YUSTISI.ID Lampung (17.06.2025) – Kementerian Pendidikan Tinggi, Riset, dan Teknologi (Kemdiktisaintek) kini sedang melakukan pendalaman terhadap dugaan pelanggaran integritas akademik di Universitas Lampung (Unila). Pemeriksaan ini berkaitan dengan sejumlah karya ilmiah yang digunakan dalam pengusulan jabatan akademik guru besar.
Proses klarifikasi dimulai sejak Selasa, 27 Mei 2025, berdasarkan surat resmi dari Senat Unila Nomor: 69/UN26.01/SENAT/2025 dan surat permintaan pemeriksaan dari Kementerian Nomor: 0262/B/DT.04.01/2025. Pemeriksaan ini dilakukan oleh tim independen yang terdiri dari unsur Senat dan perwakilan kementerian.
Dalam surat tersebut juga dicantumkan karya ilmiah yang dinilai bermasalah. Salah satu dugaan utama adalah tercantumnya nama seorang penulis berinisial RP, yang disebut tidak memiliki peran nyata dalam penelitian, namun tetap dicantumkan sebagai salah satu penulis utama.
Jurnal Internasional Diduga ‘Dijoki’
Menurut informasi yang dihimpun dari berbagai sumber, kasus ini mengarah pada dugaan praktik “joki jurnal” yang melibatkan nama-nama akademisi berinisial L, H, dan S. Mereka diduga menggunakan bantuan pihak lain untuk menyusun artikel ilmiah demi memenuhi syarat jabatan lektor hingga guru besar. Nama RP, yang diketahui memiliki latar belakang berbeda dengan ketiganya, tercantum secara konsisten dalam berbagai publikasi mereka di Google Scholar.
Tanggapan Rektor & Humas Kampus
Rektor Unila, Prof. Lusmeilia Afriani, saat dimintai konfirmasi pada hari yang sama, menepis anggapan adanya investigasi besar. “Itu hanya klarifikasi biasa,” ujarnya singkat tanpa menjelaskan lebih lanjut.
Sementara itu, dalam pernyataan tertulis nomor 1443/UN26.07/HM/2025, pihak kampus melalui Plh. Kepala Biro Humas, Suratno, menegaskan bahwa setiap karya ilmiah yang digunakan untuk keperluan kenaikan jabatan akademik telah melewati verifikasi oleh Komite Integritas Unila. Ia menambahkan, klarifikasi yang dilakukan lebih bersifat administratif dan bukan tindakan represif.
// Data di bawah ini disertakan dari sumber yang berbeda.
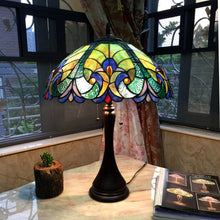 Load image into Gallery viewer, RADIANCE goods Tiffany-Style 2 Light Victorian Table Lamp 16&quot; Shade
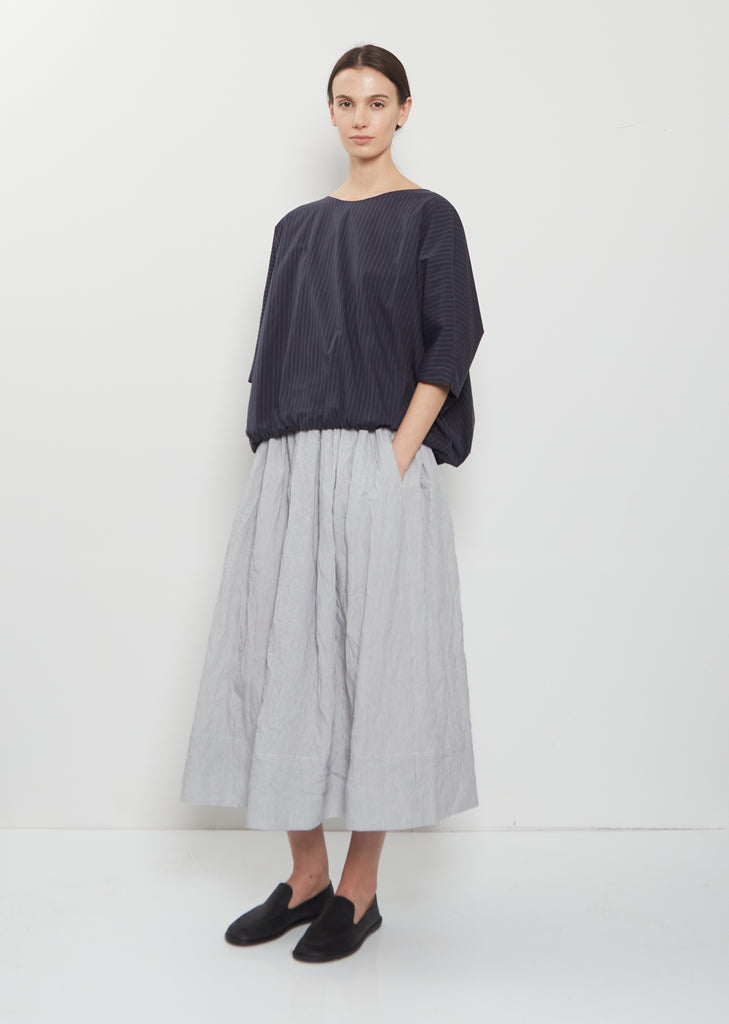 Crinkled Taffeta Skirt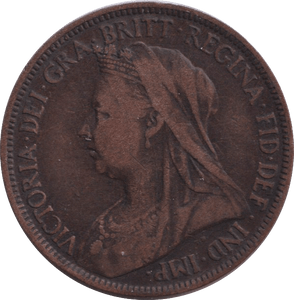 1896 HALF PENNY ( GF ) - HALFPENNY - Cambridgeshire Coins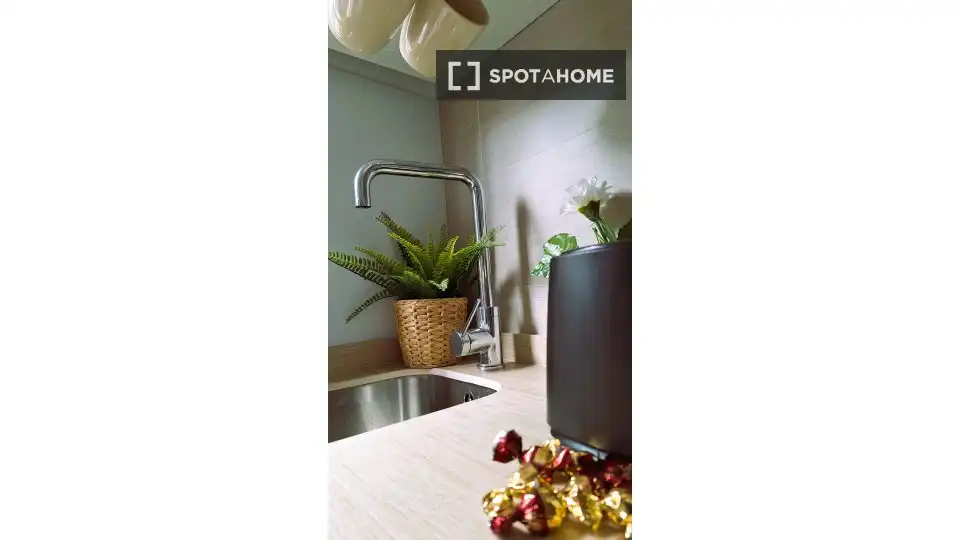 Kitchen of Study for share in Sevilla  with Air Conditioner, Heating and Terrace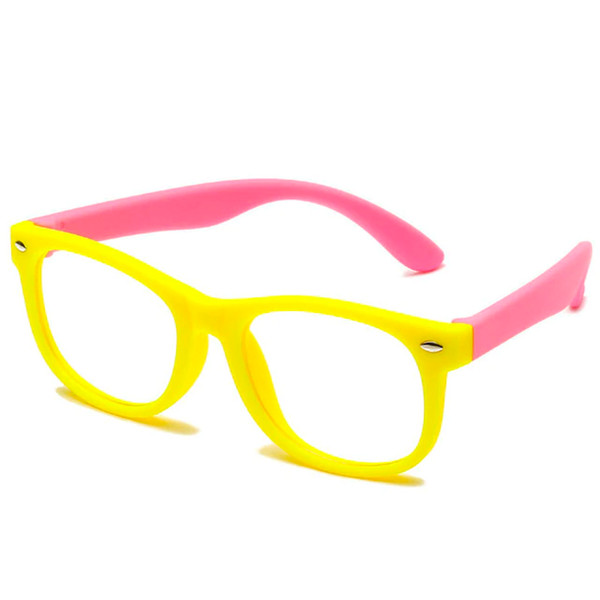 Silicone Flexible Square Blue Light Blocking Glasses For Kids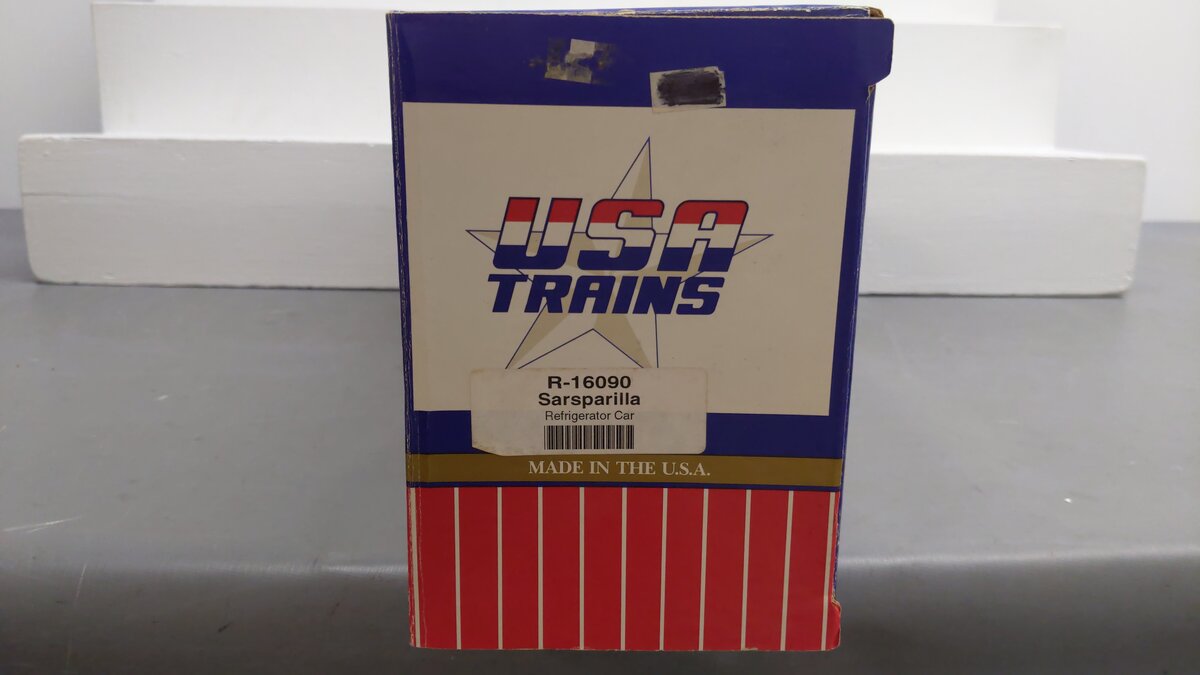 USA Trains 16090 G Sioux City Sarsaparilla Reefer Car EX/Box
“Kami hanya memastikan sejauh mana kontribusi para dosen dalam artikel yang mereka ajukan,” kata Suratno.
Pembentukan Tim Pemeriksa & Mekanisme Klarifikasi
Juru Bicara Unila, Dr. Nanang Trenggono, menjelaskan bahwa proses ini adalah tindak lanjut dari laporan sejumlah dosen yang merasa dirugikan atau mengetahui kejanggalan dalam proses pengusulan guru besar.
Tim pemeriksa diketuai langsung oleh Prof. Herpratiwi, Ketua Senat Unila. Mereka bertugas melakukan verifikasi terhadap substansi karya ilmiah dan memastikan bahwa seluruh nama penulis memang memiliki kontribusi akademik yang sahih.
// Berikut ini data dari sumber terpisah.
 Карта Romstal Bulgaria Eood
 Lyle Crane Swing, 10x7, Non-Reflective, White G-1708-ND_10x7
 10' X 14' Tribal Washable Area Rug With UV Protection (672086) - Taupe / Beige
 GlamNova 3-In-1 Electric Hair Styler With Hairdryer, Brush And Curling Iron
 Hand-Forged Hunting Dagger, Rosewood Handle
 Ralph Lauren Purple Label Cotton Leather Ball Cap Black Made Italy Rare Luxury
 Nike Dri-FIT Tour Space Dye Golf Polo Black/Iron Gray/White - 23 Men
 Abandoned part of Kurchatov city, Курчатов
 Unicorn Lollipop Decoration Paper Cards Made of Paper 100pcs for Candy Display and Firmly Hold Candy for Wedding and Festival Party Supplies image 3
“Jika satu artikel ditulis oleh lima orang, maka kelima penulis itu diminta menjelaskan kontribusi masing-masing,” terang Nanang.
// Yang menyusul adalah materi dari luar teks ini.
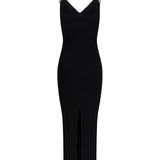 Safety Pin Slip Midi Dress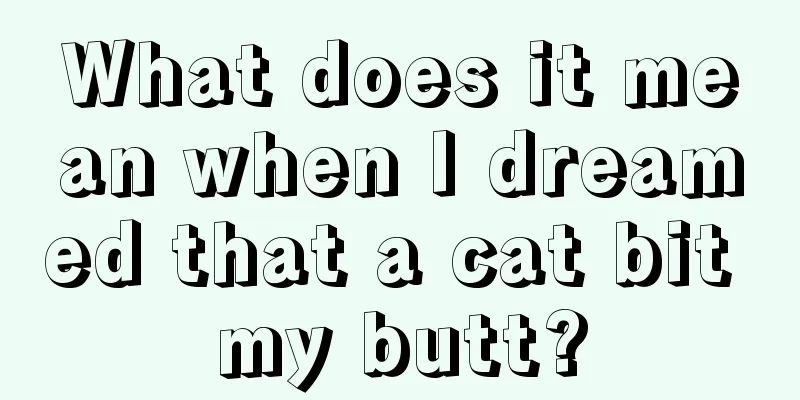 What does it mean when I dreamed that a cat bit my butt?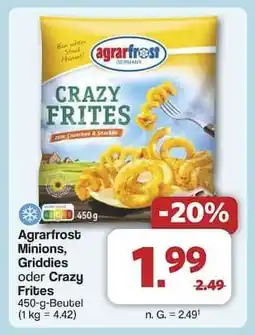 Famila Nord Ost Agrarfrost Minions, Griddies oder Crazy Frites Angebot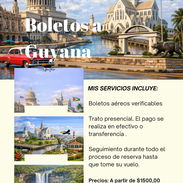 Venta de boletos a Guyana o cualquier destino - Img 54834880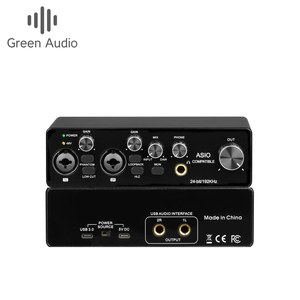 Paling Laris 24-bit rekaman 192KHZ antarmuka Audio ASIO Soundcard latensi rendah untuk GAX-MR22 Studio Podcast - Product Image 2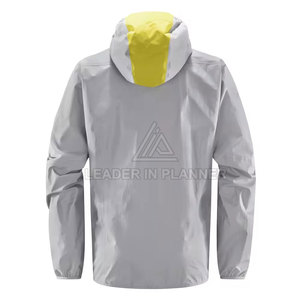 เสื้อแจ็คเก็ตกันลมมีฮู้ดสำหรับผู้ชาย สไตล์สตรีทแวร์ ระบายอากาศได้ดี มีโลโก้ด้านหน้า เหมาะสำหรับฤดูหนาว - Product Image 5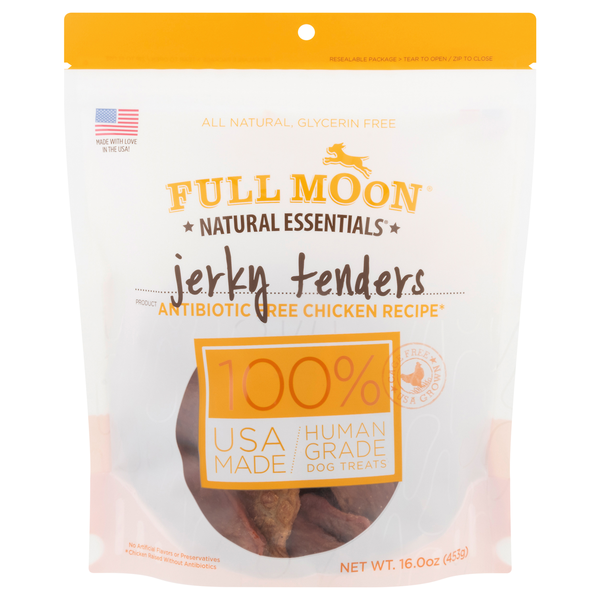 Full Moon Natural Chicken Recipe Jerky Tenders Dog Treats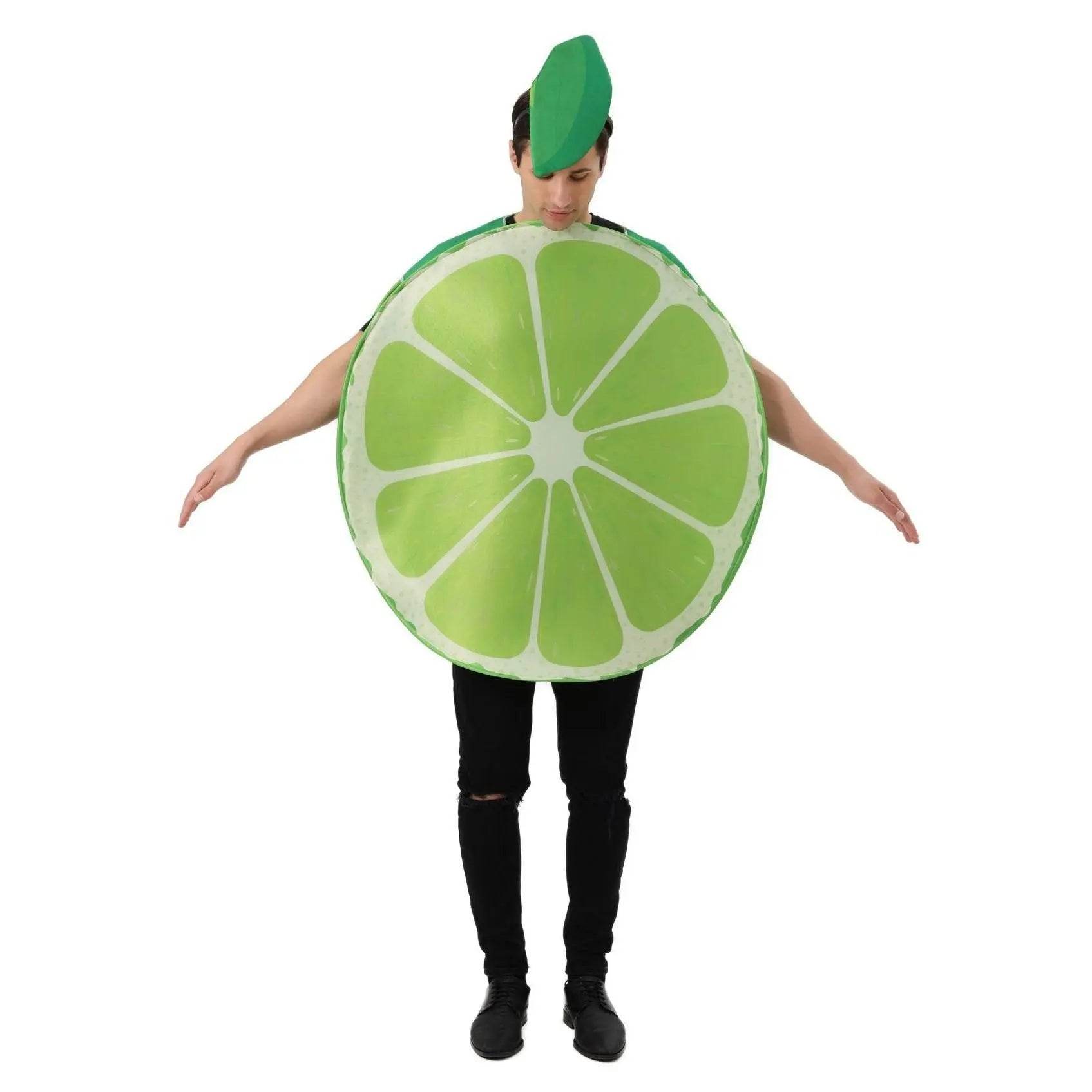 Fruit lime Halloween Costume Outfits Party Carnival Cosplay - Ecosfun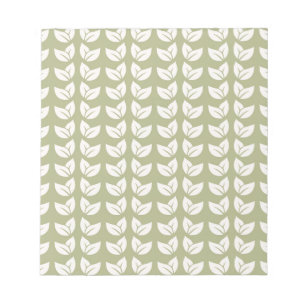 Bloc-note Motif Vintage Green Retro Y2K Leaf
Saat ini, kata Nanang, pihak universitas masih menunggu hasil akhir klarifikasi dari tim, yang nantinya akan diserahkan ke Kemdiktisaintek sebagai pihak yang berwenang mengambil keputusan.
Nanang juga menegaskan bahwa Rektor Unila tidak termasuk dalam daftar yang diperiksa, dan dirinya belum menerima informasi resmi mengenai jumlah karya maupun identitas dosen yang sedang diklarifikasi.
Catatan Penting untuk Dunia Akademik
Kasus ini membuka kembali diskursus mengenai etika akademik dalam dunia pendidikan tinggi, khususnya di lingkungan perguruan tinggi negeri. Pengusulan jabatan akademik melalui karya ilmiah yang tidak otentik bukan hanya mencoreng nama institusi, tetapi juga berpotensi merusak kepercayaan publik terhadap kualitas pendidikan tinggi di Indonesia.